As previously mentioned, none of the citizenship laws of East Asian states have gender, ethnic or religiously discriminatory provisions. In the Pacific, Children born outside of the territory to mothers with Kiribati citizenship cannot access citizenship automatically. However, unlike other Pacific Island states, Kiribati has a small overseas population, with approximately 5,000 I-Kiribati’s living in New Zealand and Australia. There are no reliable statistics on the number of persons this provision has affected.

  •  Lack of legal safeguards

Legal safeguards against childhood statelessness including the protection of foundlings and children born to stateless parents are not universal across the Asia-Pacific region. The citizenship laws of less than half of the states in the region (15 states: Australia, Cambodia, Fiji, Indonesia, Japan, Laos, Mongolia, New Zealand, North Korea, Papua New Guinea, Philippines, Singapore, South Korea, Tuvalu and Vietnam) explicitly provide that foundling children will be considered citizens. The citizenships laws of 10 states (Afghanistan, Bangladesh, Kiribati, Malaysia, the Marshall Islands, Nepal, Pakistan, Thailand, Timor-Leste and Sri Lanka) provide some/limited protection for foundling children under their law.

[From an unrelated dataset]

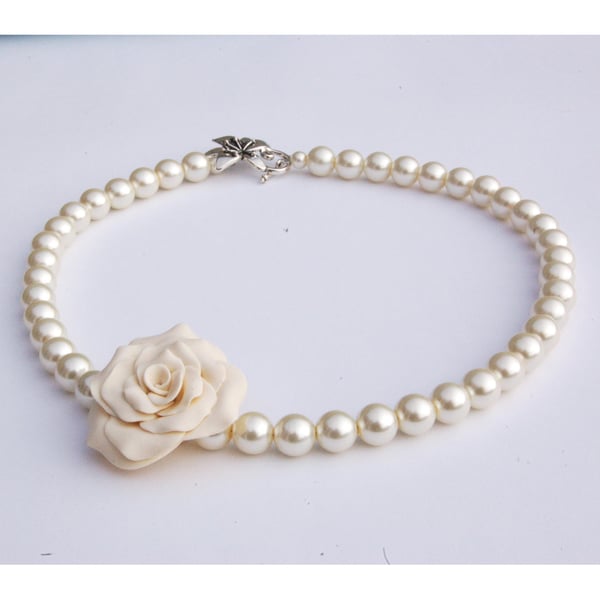 Rose and Pearl Necklace
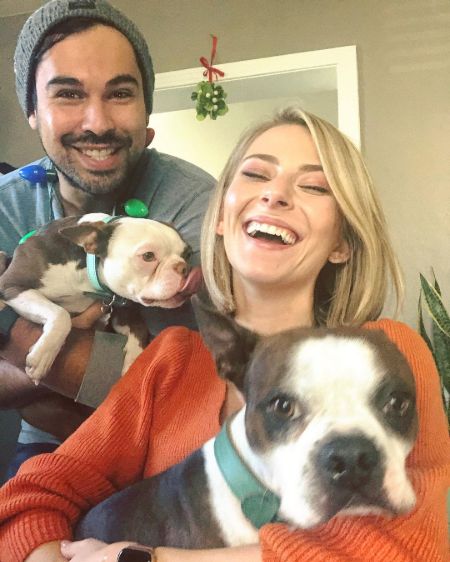 Olivia DeGennaro and her boyfriend, Julian Olivas possess two pet dogs, Willow and Mo. How old is Olivia? Know her age!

Under the laws of 13 states (Bhutan, Brunei, China, India, Federated States of Micronesia, the Maldives, Myanmar, Nauru, Palau, Samoa, Solomon Islands, Tonga and Vanuatu) there is no explicit protection for foundling children to gain citizenship.

Similarly, less than half of the states (13 states: Australia, China, Fiji, Indonesia, Japan, Kiribati, the Marshall Islands, Nauru, New Zealand, North Korea, South Korea, Timor-Leste and Tuvalu) provide citizenship to children born on their territories who would otherwise be stateless. There is also limited protection provided under the laws of 10 states (Afghanistan, Bangladesh, Cambodia, Laos, Malaysia, Mongolia, Pakistan, Papua New Guinea, Thailand, Samoa and Vietnam) to stateless persons born on the territory. However, there is no protection under the laws of the remaining 14 states (Bhutan, Brunei, India, the Maldives, Federated States of Micronesia, Myanmar, Nepal, Palau, the Philippines, Singapore, the Solomon Islands, Sri Lanka, Tonga and Vanuatu).

  • Citizenship stripping

Citizenship stripping by states has wide ranging impacts across the Asia-Pacific region.

In East Asia, following the end of the Second World War, and Japan’s colonial rule over the Korean peninsula approximately 52,000 ethnic Koreans were stripped of Japanese citizenship. In 2021, more than 26,000 persons and their descendants have not resolved their citizenship status resolved.

In both Taiwan and South Korea, foreign spouses whose marriage is determined to be a ‘sham’ or ‘fraudulent’ have been stripped of their citizenship and rendered stateless (as both states have required the renunciation of one’s former nationality prior to gaining the nationality of their spouse). This has had implications for Southeast Asian states as the majority of marriage migrants in East Asia originate from Vietnam, and have returned to Vietnam stateless following relationship breakdowns.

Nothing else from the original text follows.